I took my second ride in an Uber yesterday, on the way to ACMI to see Emma Franz’s new picture, ‘Bill Frisell: A Portrait.’ My driver had in the morning collected two American passengers who did not want to disclose their place of origin because they are embarrassed about how their country is looking to everyone else. He and I talked about the lamentable state of the world, particularly in view of the attacks on London Bridge and at the Borough Market, and the hopelessness of the people who have been elected to lead. And I said to him what I have long thought: that the missing thing is respect. People are not inclined to listen to one another or to try to understand each other’s desires and needs. Imagine if you took to friendship the approach that world leaders take to international relations. You’d be pretty lonely. But they have friends, right? So why can’t they work from the personal level to try to make others feel valued, important, worthwhile?
I’m cross about a few things just now but what I’m saying here simply makes me sad. Why is it that people can’t get around the table and find out what’s required for peace? Why can’t they engage in the appropriate level of self-critique to establish how they may possibly have put other people off-side? How can it be that people are happy to remain so suspicious of each other, so determined to see only the bad, and then so content with advertising only the worst of themselves? Why are they so unable to give anything up for anyone else? What do you say to children? Share. Be kind. Show patience. Do your best. I love you.

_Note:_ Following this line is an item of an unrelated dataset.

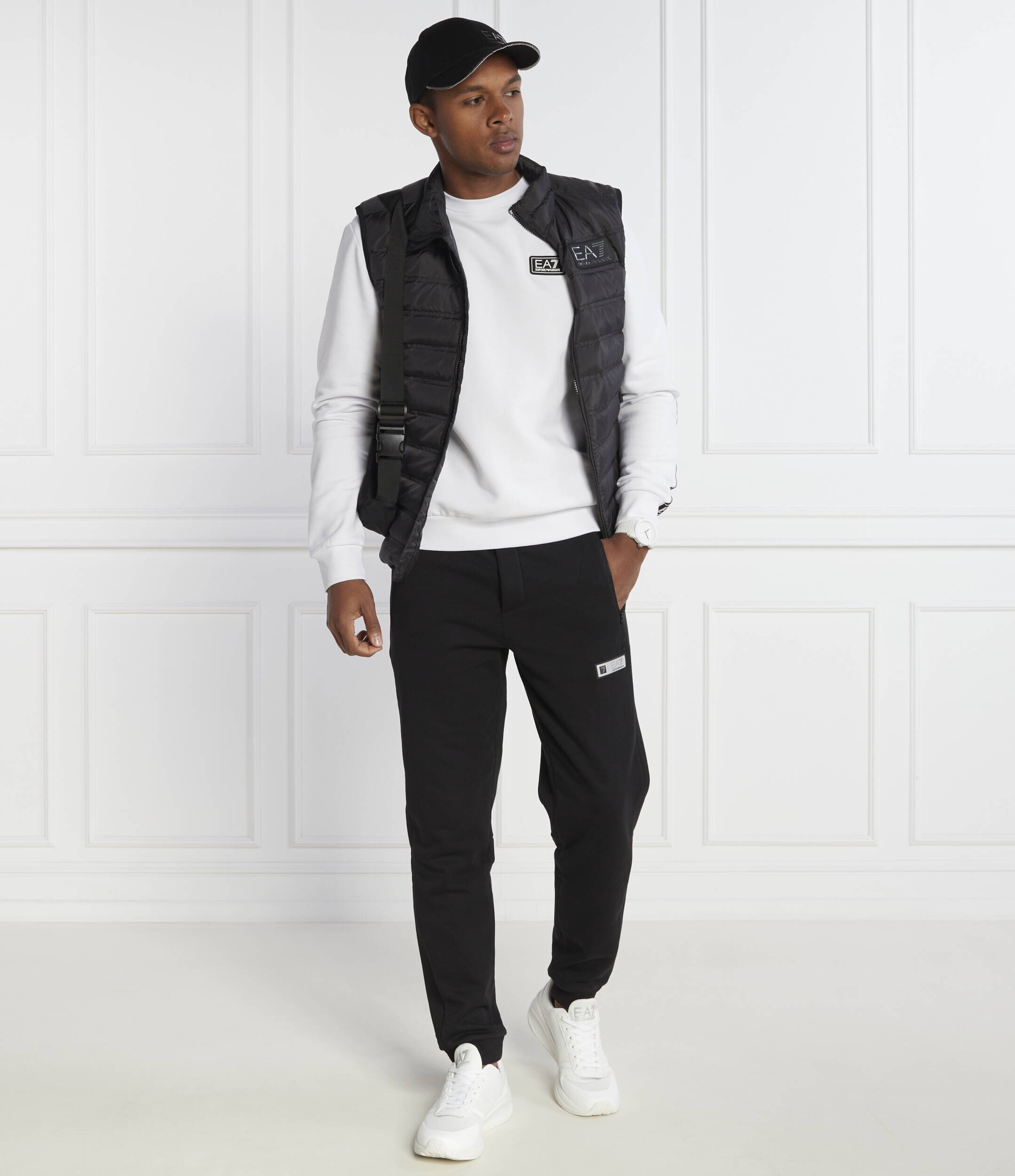 EA7 Hanorac | Regular Fit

We need something new out here. Something very old, actually, but something very different and currently out of favour. Love. Trust. Kindness. Attention. Respect.
5/vi/2017
Couldn’t agree more Tim, found a while ago this piece written in 1994 … our politics haven’t learnt anything …
It is a scandal in contemporary international law, don’t forget, that while “wanton destruction of towns, cities and villages” is a war crime of long standing, the bombing of cities from airplanes goes not only unpunished but virtually unaccused. Air bombardment is state terrorism, the terrorism of the rich. It has burned up and blasted apart more innocents in the past six decades than have all the antistate terrorists who ever lived. Something has benumbed our consciousness against this reality. In the United States we would not consider for the presidency a man who had once thrown a bomb into a crowded restaurant, but we are happy to elect a man who once dropped bombs from airplanes that destroyed not only restaurants but the buildings that contained them and the neighborhoods that surrounded them. I went to Iraq after the Gulf war and saw for myself what the bombs did; “wanton destruction” is just the term for it. – C. Douglas Lummis, political scientist
I couldn’t agree more Tim. Well said.